Introduction
What is main
?
main
is a function like this:
int main(int argc, char *argv[])
It takes a variety of types of data:
- Integers, booleans, actual strings, etc.
- Enums, subcommands, etc.
- Files, network connections, services, etc.
However, these are all communicated as strings.
Filenames
- User has a file: 😺
- They type in the name:
"cat.jpg"
- Program gets the name:
"cat.jpg"
- Program opens the file: 😺
What problems does parsing cause?
Commmand-line parsing is inconsistent and error-prone.
Is -ab
the same as -a
-b
?
Is -a
-b
the same as -b
-a
?
Also, security and virtualization:
- Child process needs same filesystem view as parent
- Child process needs permissions of parent
- Child process hard-codes how to turn strings into streams
We can sandbox child processes, but we often don't.

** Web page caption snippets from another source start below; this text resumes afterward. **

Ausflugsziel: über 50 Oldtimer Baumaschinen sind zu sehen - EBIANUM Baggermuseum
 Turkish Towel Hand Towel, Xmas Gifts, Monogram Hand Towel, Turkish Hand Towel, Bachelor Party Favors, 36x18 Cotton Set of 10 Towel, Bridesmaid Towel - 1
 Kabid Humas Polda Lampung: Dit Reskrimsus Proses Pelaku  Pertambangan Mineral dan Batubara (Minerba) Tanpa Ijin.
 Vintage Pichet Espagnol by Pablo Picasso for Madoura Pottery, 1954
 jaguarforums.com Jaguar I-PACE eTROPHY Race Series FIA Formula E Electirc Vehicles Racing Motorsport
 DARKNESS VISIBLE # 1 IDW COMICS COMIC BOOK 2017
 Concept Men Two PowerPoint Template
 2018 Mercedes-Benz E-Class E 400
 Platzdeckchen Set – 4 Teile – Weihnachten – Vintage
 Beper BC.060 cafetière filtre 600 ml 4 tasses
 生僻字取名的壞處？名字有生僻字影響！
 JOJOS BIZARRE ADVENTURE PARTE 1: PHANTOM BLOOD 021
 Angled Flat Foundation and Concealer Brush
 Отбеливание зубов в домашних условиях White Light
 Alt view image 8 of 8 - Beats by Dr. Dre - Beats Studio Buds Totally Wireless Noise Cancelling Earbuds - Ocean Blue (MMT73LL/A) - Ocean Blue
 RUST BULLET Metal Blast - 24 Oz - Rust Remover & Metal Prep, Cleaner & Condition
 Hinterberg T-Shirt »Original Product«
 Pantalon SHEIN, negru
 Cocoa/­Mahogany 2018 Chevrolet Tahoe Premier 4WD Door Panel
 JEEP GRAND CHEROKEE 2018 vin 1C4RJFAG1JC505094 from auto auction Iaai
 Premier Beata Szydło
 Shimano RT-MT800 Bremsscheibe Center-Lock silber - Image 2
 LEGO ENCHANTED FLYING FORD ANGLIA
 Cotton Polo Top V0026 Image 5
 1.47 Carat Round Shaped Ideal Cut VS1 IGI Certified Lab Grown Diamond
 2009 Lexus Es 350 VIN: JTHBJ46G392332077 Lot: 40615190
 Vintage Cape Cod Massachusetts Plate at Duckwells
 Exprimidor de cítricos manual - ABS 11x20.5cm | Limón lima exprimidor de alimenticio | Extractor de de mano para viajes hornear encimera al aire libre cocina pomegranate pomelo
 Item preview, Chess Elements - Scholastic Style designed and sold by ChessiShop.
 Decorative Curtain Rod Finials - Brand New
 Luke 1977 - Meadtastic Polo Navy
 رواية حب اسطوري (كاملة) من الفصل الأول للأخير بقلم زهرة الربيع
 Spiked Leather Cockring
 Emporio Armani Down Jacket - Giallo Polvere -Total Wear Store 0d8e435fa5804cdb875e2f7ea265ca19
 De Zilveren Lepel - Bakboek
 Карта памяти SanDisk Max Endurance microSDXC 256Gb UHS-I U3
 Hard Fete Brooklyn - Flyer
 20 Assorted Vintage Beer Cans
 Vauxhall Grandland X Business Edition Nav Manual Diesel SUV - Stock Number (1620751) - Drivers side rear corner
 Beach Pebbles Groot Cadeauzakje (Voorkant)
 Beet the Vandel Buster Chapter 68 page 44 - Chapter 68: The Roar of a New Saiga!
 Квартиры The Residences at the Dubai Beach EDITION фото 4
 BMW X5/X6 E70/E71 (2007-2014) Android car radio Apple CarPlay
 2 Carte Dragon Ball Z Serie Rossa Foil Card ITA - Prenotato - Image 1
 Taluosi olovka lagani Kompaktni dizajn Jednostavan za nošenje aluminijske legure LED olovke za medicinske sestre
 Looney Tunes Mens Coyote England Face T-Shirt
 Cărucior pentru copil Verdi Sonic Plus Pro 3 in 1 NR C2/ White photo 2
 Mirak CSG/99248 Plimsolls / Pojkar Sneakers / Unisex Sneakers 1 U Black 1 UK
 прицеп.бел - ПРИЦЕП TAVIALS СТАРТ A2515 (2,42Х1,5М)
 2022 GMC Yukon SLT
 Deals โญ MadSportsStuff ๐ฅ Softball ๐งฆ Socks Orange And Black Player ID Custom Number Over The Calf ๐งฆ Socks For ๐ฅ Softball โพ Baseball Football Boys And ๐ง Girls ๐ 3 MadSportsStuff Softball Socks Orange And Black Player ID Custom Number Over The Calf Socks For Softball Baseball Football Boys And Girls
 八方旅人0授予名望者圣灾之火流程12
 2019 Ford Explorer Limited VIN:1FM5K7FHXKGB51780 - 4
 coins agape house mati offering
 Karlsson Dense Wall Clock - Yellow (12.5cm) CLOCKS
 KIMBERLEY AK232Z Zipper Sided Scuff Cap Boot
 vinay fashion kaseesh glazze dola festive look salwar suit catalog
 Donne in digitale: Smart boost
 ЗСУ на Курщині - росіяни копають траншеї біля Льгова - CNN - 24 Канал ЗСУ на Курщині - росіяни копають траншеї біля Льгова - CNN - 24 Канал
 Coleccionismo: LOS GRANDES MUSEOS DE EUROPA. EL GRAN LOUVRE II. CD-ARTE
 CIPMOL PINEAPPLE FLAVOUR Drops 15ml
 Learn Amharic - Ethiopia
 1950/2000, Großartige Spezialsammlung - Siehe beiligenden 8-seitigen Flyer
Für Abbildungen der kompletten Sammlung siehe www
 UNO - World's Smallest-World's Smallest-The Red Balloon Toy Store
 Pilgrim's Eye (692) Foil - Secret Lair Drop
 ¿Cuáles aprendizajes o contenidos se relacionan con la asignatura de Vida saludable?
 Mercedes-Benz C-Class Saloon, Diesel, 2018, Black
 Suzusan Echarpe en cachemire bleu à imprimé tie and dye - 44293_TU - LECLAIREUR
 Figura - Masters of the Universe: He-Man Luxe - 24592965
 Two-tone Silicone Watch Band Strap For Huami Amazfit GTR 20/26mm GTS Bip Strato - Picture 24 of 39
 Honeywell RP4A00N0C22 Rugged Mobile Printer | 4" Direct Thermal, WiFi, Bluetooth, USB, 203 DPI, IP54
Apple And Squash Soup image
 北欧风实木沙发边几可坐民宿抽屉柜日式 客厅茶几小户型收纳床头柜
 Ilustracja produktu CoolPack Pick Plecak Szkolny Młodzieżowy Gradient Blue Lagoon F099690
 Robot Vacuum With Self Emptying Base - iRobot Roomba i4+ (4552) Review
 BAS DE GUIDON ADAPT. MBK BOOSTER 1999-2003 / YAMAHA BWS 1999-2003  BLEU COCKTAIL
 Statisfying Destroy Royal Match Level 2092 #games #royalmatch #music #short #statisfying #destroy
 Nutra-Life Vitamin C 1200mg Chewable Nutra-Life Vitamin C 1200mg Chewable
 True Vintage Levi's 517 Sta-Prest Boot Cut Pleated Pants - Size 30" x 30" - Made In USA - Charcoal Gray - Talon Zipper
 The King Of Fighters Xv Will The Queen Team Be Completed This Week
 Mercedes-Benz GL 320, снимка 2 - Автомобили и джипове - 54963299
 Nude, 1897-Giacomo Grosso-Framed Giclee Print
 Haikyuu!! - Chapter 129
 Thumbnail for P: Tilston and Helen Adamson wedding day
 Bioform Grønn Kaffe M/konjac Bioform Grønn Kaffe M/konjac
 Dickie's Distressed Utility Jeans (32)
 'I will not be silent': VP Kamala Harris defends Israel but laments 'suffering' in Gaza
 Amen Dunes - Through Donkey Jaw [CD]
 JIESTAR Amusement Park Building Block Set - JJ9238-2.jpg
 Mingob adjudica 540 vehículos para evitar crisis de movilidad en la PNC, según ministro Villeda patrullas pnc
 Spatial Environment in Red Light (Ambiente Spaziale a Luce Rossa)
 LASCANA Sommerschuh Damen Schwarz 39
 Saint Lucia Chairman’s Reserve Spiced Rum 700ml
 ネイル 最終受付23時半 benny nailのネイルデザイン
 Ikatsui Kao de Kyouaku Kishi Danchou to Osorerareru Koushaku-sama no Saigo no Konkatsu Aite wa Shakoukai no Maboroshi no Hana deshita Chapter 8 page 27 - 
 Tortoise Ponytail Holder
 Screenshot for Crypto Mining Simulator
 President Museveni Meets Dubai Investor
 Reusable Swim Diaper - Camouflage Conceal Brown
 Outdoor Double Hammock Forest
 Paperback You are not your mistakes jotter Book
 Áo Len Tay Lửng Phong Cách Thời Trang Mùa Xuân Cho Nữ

What's different about WebAssembly?
Is WebAssembly Assembly?
Wasm is like an ISA, but different.
General-purpose CPUs have converged in many areas:
- 8-bit bytes
- Two's complement
- IEEE 754 floating-point
But also:
- Memory is a big virtual address space of bytes
- Calls are just jumps (-and-link) with register and memory conventions
- Syscalls are mode switches and jumps
In WebAssembly, the address space isn't everything.
Calls arguments are part of the call instruction.
WebAssembly has a static type system
It has an up-front validation step, rather than just SIGILL on thy fly.
Two perspectives
Minimize the differences to maximize compatibility?
Or take advantages of the differences to do new things?
Types
MVP types: i32
, i64
, f32
, f64
WASI is about interfaces, so we also look forward to Interface Types:
- signed and unsigned integers
bool
- lists
- variants
- records
- strings, aka lists of characters
- handles
Handles
The way we represent handles in wasm will likely evolve over time.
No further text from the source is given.